El pasado domingo, la pacífica ciudad de Boulder, Colorado, fue sacudida por un ataque que dejó a varias personas heridas en medio de una marcha para conmemorar a los rehenes israelíes aún cautivos en Gaza. Las autoridades locales informaron que un hombre sospechoso fue detenido en relación con este lamentable hecho, que el director del FBI, Kash Patel, calificó como un acto terrorista “selectivo”.
La situación fue descrita como “muy preliminar” por el jefe de policía de Boulder, Stephen Redfearn, quien comentó que la resolución del incidente se activó a raíz de llamadas reportando a un individuo armando “prendiendo fuego a la gente”. A pesar de la gravedad del evento, Redfearn subrayó que aún no se podían hacer especulaciones sobre las motivaciones detrás de este ataque, enfatizando que la violencia es inaceptable en una hermosa tarde de domingo en el centro de Boulder.
Las víctimas, algunas de las cuales sufrieron lesiones compatibles con quemaduras, se convirtieron en el centro de atención de una comunidad muy preocupada. Redfearn hizo un llamado a la solidaridad para pensar en las víctimas y sus familias, resaltando la naturaleza trágica de lo ocurrido.
Este trágico evento ocurre en un contexto de tensiones crecientes en Estados Unidos debido a la guerra entre Israel y Gaza, que ha visto un ascenso en los delitos de odio antisemita y medidas restrictivas por parte de figuras políticas que apoyan a Israel. La respuesta gubernamental ha incluido la detención de manifestantes que se oponen a la guerra y la suspensión de financiamiento a universidades que permiten tales protestas.
La comunidad judía de Boulder expresó su profunda tristeza ante el ataque, describiendo el lanzamiento de un artefacto incendiario contra los participantes de la marcha “Corre por sus vidas” como un acto profundamente lamentable que interrumpe el llamado urgente a la acción humanitaria.
A pesar de que el sospechoso, cuyo nombre aún no ha sido revelado, fue trasladado a un hospital, la comunidad espera respuestas claras y una resolución que prevenga futuros actos de violencia. La situación actual parece reflejar un clima tenso donde la expresión de opiniones y la manifestación pacífica están cada vez más en riesgo.
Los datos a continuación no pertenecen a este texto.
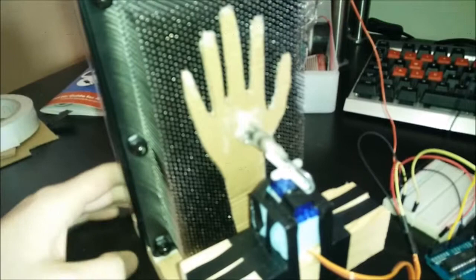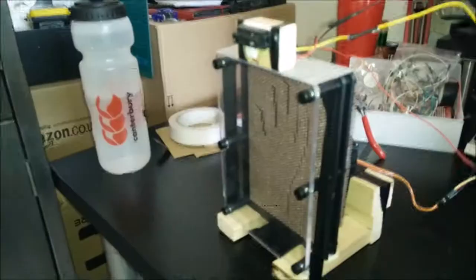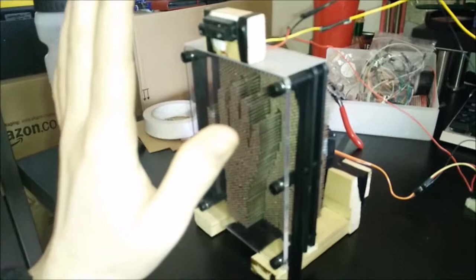I'll just turn it on and show you how it works. As my hand gets closer to the Arduino, the hand comes out of the pin art display. When I move my hand away, the hand is retracted back.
Este acontecimiento, con fecha de publicación original el 1 de junio de 2025, continúa resonando en las discusiones sobre seguridad y derechos de protesta en el país, generando un debate crucial sobre la libertad de expresión frente a la violencia. La espera por información adicional añade una capa de incertidumbre a una tragedia que subraya la fragilidad de la paz en tiempos de división.